Exercise objective:
Exactly the lines starting at the line containing "French Bulldog dog" and ending at the line containing "Yorkshire Terrier dogs" are to be written out from the listing below, both included.
*** Provided records ***
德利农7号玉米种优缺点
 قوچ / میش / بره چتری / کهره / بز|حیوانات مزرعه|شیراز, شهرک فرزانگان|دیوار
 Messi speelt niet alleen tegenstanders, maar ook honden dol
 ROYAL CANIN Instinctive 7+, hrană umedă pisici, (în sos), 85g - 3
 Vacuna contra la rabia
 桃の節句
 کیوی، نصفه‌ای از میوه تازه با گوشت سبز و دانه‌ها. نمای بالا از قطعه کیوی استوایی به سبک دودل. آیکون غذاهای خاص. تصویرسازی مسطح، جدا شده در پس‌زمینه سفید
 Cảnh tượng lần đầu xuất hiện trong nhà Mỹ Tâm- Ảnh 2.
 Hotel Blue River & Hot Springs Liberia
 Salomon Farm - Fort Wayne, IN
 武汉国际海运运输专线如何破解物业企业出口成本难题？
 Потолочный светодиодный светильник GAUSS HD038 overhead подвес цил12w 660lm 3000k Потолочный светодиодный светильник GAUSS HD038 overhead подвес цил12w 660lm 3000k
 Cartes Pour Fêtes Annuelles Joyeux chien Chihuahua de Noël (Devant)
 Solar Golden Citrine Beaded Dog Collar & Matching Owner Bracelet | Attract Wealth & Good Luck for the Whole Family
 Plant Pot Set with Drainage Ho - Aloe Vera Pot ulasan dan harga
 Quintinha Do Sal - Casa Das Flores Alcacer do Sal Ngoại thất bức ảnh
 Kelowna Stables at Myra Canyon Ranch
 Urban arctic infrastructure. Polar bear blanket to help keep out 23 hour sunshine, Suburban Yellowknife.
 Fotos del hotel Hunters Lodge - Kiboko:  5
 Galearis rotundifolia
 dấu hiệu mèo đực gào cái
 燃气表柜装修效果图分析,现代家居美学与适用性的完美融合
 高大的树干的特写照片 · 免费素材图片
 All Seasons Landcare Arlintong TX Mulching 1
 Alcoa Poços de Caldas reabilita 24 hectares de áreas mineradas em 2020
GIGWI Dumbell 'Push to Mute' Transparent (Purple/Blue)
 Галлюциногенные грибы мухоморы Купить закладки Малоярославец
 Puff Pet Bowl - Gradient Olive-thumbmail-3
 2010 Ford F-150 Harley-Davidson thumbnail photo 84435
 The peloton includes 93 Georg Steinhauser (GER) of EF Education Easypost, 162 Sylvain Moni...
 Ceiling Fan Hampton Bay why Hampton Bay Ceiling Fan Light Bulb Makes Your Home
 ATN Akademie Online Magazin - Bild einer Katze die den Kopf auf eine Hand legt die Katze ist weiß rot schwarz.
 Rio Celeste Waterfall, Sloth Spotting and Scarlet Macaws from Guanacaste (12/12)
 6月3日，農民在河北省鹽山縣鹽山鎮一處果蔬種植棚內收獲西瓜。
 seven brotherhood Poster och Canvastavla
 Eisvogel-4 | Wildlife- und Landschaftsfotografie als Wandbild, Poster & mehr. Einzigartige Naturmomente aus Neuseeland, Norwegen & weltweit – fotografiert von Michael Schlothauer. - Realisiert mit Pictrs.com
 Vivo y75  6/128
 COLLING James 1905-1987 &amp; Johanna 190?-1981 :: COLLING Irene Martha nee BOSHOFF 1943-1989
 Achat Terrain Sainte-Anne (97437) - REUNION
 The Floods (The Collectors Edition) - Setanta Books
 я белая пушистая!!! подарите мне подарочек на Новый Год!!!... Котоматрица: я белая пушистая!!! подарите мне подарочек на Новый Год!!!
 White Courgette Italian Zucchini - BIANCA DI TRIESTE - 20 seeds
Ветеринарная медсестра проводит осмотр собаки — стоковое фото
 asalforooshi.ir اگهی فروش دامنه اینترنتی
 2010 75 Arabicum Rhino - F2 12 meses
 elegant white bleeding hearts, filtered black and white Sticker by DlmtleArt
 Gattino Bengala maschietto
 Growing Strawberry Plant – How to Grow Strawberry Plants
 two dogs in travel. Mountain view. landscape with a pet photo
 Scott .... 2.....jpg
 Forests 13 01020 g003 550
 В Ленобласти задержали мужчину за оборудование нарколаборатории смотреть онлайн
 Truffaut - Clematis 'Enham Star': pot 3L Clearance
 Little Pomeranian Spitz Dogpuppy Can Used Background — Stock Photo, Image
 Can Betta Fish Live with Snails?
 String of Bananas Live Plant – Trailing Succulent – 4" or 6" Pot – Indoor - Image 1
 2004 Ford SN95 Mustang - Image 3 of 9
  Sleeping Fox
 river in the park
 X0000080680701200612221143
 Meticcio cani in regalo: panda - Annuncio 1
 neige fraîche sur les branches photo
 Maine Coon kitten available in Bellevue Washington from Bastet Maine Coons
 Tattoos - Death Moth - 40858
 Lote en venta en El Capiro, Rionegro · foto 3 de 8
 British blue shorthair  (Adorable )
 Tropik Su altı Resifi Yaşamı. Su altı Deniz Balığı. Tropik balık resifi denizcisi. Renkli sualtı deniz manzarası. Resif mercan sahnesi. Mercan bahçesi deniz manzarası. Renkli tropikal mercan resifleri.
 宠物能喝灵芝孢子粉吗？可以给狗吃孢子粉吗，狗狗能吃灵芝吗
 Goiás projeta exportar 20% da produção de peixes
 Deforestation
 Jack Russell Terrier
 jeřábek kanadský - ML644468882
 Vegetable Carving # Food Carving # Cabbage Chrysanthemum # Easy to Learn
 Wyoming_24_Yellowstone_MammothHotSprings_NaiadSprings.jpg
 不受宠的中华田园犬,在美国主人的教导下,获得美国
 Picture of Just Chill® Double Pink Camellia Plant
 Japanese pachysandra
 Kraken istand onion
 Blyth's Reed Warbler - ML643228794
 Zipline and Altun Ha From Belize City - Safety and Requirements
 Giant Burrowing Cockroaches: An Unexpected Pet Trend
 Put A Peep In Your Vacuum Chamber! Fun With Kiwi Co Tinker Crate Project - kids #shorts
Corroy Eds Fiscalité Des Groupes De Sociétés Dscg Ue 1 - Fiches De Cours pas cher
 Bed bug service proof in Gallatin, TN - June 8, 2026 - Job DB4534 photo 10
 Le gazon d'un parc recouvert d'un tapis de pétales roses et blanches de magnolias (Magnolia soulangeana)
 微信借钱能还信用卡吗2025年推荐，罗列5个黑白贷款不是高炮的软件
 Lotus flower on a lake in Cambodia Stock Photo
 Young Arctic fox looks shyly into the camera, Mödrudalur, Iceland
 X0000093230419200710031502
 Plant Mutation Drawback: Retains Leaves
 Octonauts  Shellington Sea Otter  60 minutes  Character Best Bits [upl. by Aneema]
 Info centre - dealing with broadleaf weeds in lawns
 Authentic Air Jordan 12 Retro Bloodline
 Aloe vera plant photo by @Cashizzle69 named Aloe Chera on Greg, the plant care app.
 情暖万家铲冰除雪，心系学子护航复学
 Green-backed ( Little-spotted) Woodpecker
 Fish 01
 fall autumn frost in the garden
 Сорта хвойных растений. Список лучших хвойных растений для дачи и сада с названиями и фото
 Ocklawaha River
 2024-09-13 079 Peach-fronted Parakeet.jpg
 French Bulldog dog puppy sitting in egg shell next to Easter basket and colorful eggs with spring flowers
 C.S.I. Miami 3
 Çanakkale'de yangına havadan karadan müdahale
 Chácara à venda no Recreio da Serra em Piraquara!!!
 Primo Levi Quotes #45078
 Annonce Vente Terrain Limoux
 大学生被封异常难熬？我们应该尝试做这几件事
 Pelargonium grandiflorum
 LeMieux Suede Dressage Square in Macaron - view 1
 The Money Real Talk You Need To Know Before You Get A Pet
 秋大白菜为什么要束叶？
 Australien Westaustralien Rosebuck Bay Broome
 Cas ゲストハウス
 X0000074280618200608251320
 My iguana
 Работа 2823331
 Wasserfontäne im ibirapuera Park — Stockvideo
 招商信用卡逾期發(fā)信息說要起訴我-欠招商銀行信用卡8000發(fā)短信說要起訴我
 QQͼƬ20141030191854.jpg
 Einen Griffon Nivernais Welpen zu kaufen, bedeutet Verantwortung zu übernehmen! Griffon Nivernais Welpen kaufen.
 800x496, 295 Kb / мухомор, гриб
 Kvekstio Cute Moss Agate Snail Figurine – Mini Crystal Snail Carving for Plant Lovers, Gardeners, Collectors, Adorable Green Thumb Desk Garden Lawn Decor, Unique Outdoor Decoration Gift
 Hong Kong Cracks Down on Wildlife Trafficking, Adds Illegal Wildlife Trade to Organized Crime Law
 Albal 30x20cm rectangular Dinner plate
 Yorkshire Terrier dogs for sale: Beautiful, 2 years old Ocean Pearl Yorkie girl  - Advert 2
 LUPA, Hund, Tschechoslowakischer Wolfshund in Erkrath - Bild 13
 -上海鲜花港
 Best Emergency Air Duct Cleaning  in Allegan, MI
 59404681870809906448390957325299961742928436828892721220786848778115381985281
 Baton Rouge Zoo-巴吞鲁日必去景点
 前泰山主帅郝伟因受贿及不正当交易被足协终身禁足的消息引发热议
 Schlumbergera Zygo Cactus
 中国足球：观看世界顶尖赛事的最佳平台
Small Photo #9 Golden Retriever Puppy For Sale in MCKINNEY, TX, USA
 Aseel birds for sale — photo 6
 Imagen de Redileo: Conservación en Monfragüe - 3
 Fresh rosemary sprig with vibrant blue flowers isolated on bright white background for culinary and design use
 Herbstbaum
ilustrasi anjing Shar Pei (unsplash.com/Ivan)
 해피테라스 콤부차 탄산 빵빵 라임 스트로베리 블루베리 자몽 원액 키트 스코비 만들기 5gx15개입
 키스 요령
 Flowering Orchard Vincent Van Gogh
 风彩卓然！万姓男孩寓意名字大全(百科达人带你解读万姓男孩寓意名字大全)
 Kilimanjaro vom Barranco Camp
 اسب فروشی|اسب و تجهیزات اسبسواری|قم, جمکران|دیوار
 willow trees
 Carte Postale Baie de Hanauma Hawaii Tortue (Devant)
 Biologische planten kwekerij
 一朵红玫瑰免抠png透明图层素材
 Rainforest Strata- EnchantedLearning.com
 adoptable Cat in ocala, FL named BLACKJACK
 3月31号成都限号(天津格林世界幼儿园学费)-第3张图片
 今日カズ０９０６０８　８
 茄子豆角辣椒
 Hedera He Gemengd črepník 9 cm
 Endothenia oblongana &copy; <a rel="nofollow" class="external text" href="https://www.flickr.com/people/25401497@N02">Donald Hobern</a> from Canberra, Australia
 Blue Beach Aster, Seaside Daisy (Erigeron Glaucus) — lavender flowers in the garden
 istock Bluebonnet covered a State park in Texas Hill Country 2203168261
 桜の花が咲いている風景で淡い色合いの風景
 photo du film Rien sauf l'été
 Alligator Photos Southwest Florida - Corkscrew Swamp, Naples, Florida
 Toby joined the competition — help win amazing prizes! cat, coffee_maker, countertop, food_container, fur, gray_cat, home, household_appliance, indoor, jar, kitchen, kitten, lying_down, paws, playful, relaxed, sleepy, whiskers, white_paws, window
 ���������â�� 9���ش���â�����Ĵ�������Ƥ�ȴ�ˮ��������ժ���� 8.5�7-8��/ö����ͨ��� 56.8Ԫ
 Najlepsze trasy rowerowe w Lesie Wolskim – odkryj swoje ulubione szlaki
*** End of Provided records ***
Expected output:
 French Bulldog dog puppy sitting in egg shell next to Easter basket and colorful eggs with spring flowers
 C.S.I. Miami 3
 Çanakkale'de yangına havadan karadan müdahale
 Chácara à venda no Recreio da Serra em Piraquara!!!
 Primo Levi Quotes #45078
 Annonce Vente Terrain Limoux
 大学生被封异常难熬？我们应该尝试做这几件事
 Pelargonium grandiflorum
 LeMieux Suede Dressage Square in Macaron - view 1
 The Money Real Talk You Need To Know Before You Get A Pet
 秋大白菜为什么要束叶？
 Australien Westaustralien Rosebuck Bay Broome
 Cas ゲストハウス
 X0000074280618200608251320
 My iguana
 Работа 2823331
 Wasserfontäne im ibirapuera Park — Stockvideo
 招商信用卡逾期發(fā)信息說要起訴我-欠招商銀行信用卡8000發(fā)短信說要起訴我
 QQͼƬ20141030191854.jpg
 Einen Griffon Nivernais Welpen zu kaufen, bedeutet Verantwortung zu übernehmen! Griffon Nivernais Welpen kaufen.
 800x496, 295 Kb / мухомор, гриб
 Kvekstio Cute Moss Agate Snail Figurine – Mini Crystal Snail Carving for Plant Lovers, Gardeners, Collectors, Adorable Green Thumb Desk Garden Lawn Decor, Unique Outdoor Decoration Gift
 Hong Kong Cracks Down on Wildlife Trafficking, Adds Illegal Wildlife Trade to Organized Crime Law
 Albal 30x20cm rectangular Dinner plate
 Yorkshire Terrier dogs for sale: Beautiful, 2 years old Ocean Pearl Yorkie girl  - Advert 2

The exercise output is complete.